***** Available records *****

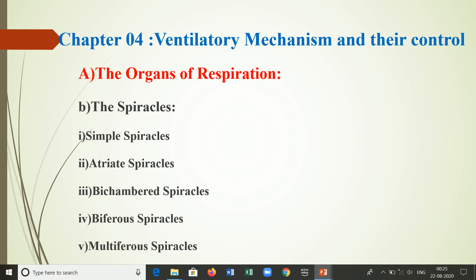The fourth type is the biferous spiracle, which bears two secondary external openings while the primary atrial orifice is closed, occurring in larvae of Polyoptera. The fifth type is the multiferrous spiracle, where the spiracles have more than two openings, found in third instar larvae of Diptera. In Glossina and Oestrus, spiracles open to the exterior by 500 pores developed in a chitinous plate, remaining open due to the absence of a closing apparatus.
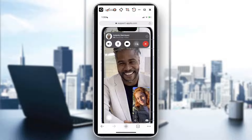Hi guys, in this video I will show you how to change your background in FaceTime. I'm showing a screenshot from Apple Support at support.apple.com to give you a better view of where to actually change your background when doing FaceTime.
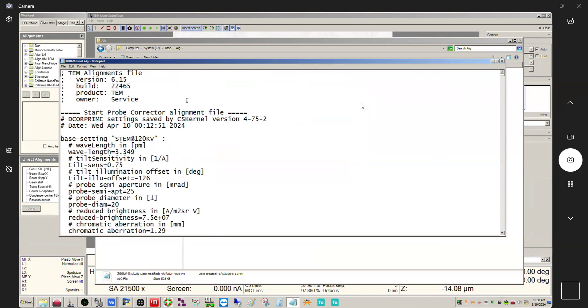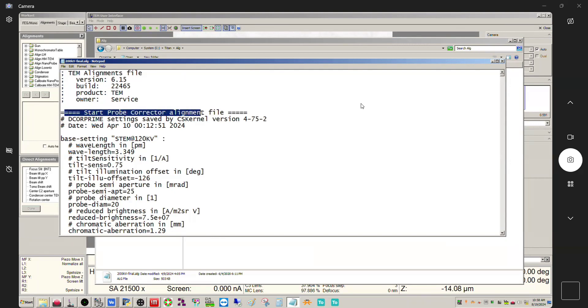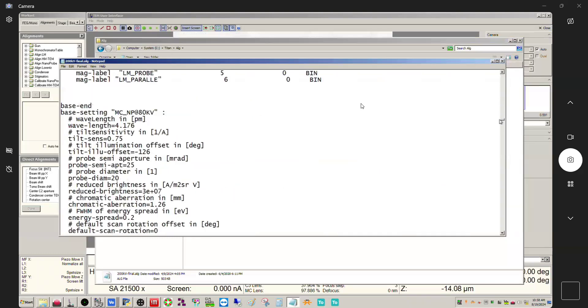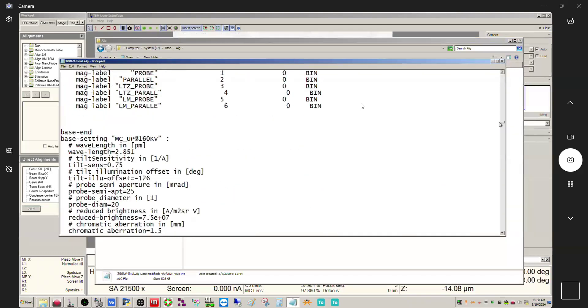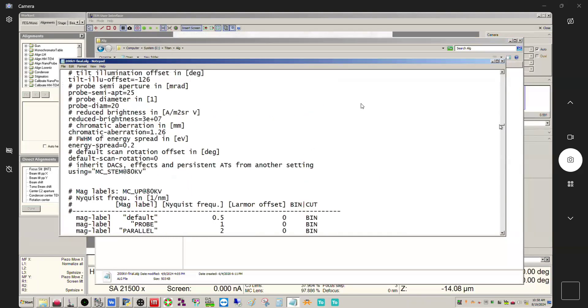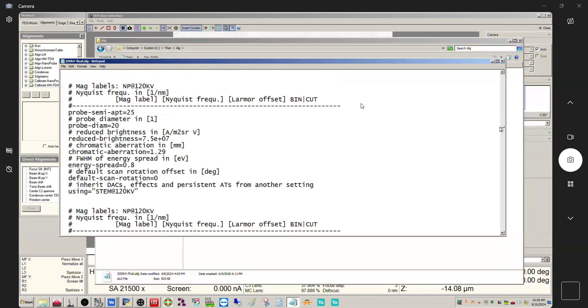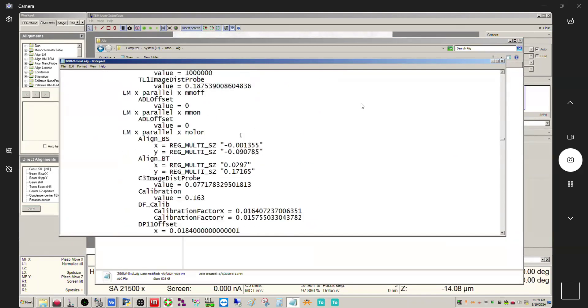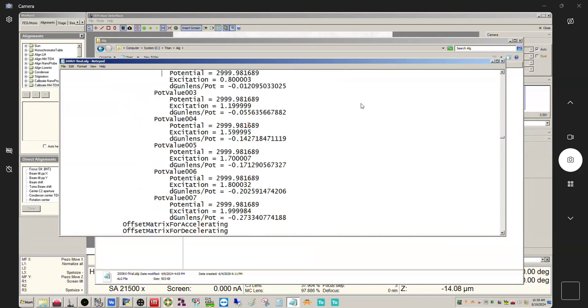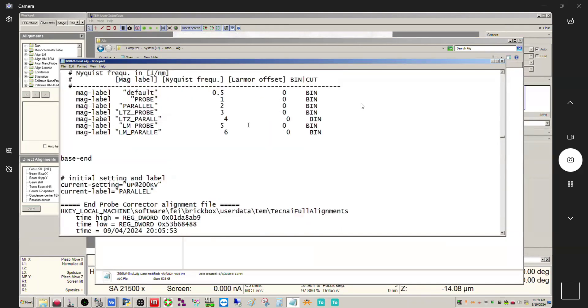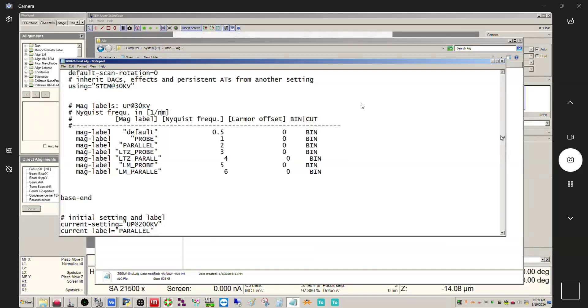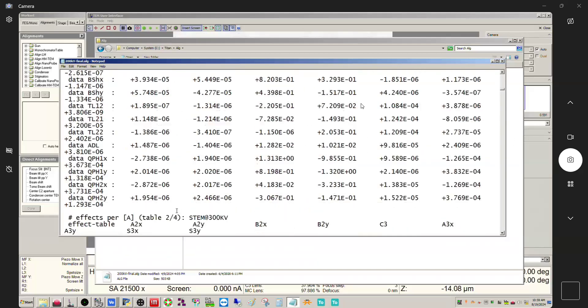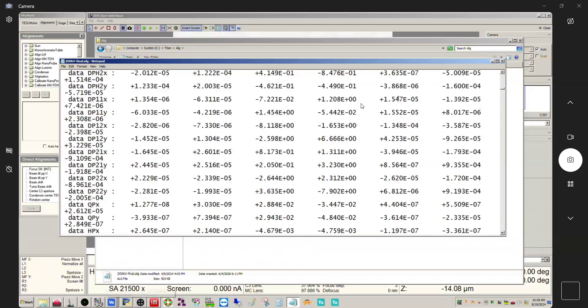About one third of this file is actually for the probe corrector. This system has a probe corrector on it. If you don't have a probe corrector you're not going to see any of this. But about one third of this file is actually for the probe corrector. You see where it says start probe corrector alignment files. If we scroll down through here, right here - end probe corrector alignment. Actually it's more like 40%, I would say 40% of the file is the probe corrector alignment.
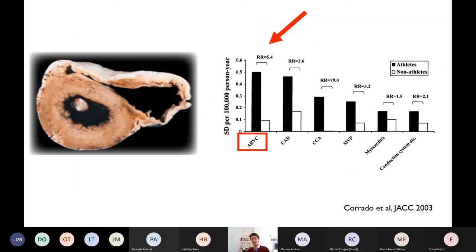ARVC is a common cause of sudden cardiac death in athletes, as shown by a study from Corrado's group in Italy on sudden death victims in the Veneto region, where all post-mortem examinations were performed by an expert cardiopathologist. ARVC was the most common cause of sudden death, with a higher risk in athletes versus non-athletes in this specific condition.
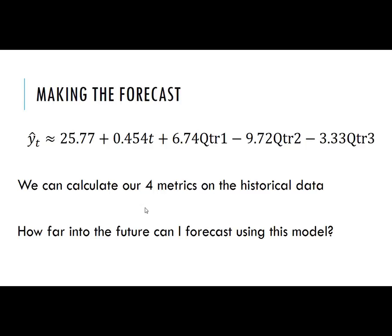With this model I can forecast as far into the future as I want. Obviously the farther out I go the less accurate or precise we're going to be. The accuracy level or confidence level associated with the point forecast will be much less as we go further into the future.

*****

You are asked to reproduce each line above exactly, but to exclude the pictures.

*Solution below*
The fourth type is the biferous spiracle, which bears two secondary external openings while the primary atrial orifice is closed, occurring in larvae of Polyoptera. The fifth type is the multiferrous spiracle, where the spiracles have more than two openings, found in third instar larvae of Diptera. In Glossina and Oestrus, spiracles open to the exterior by 500 pores developed in a chitinous plate, remaining open due to the absence of a closing apparatus.
Hi guys, in this video I will show you how to change your background in FaceTime. I'm showing a screenshot from Apple Support at support.apple.com to give you a better view of where to actually change your background when doing FaceTime.
About one third of this file is actually for the probe corrector. This system has a probe corrector on it. If you don't have a probe corrector you're not going to see any of this. But about one third of this file is actually for the probe corrector. You see where it says start probe corrector alignment files. If we scroll down through here, right here - end probe corrector alignment. Actually it's more like 40%, I would say 40% of the file is the probe corrector alignment.
ARVC is a common cause of sudden cardiac death in athletes, as shown by a study from Corrado's group in Italy on sudden death victims in the Veneto region, where all post-mortem examinations were performed by an expert cardiopathologist. ARVC was the most common cause of sudden death, with a higher risk in athletes versus non-athletes in this specific condition.
With this model I can forecast as far into the future as I want. Obviously the farther out I go the less accurate or precise we're going to be. The accuracy level or confidence level associated with the point forecast will be much less as we go further into the future.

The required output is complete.